— Dataset excerpt —
____________

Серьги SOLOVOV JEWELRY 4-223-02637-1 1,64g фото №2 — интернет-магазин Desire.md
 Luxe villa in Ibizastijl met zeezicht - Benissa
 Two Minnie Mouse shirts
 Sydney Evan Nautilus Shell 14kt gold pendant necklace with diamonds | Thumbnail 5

____________

— About this exercise —
Retype the data in full, precisely as given.

— Output for this exercise —
Серьги SOLOVOV JEWELRY 4-223-02637-1 1,64g фото №2 — интернет-магазин Desire.md
 Luxe villa in Ibizastijl met zeezicht - Benissa
 Two Minnie Mouse shirts
 Sydney Evan Nautilus Shell 14kt gold pendant necklace with diamonds | Thumbnail 5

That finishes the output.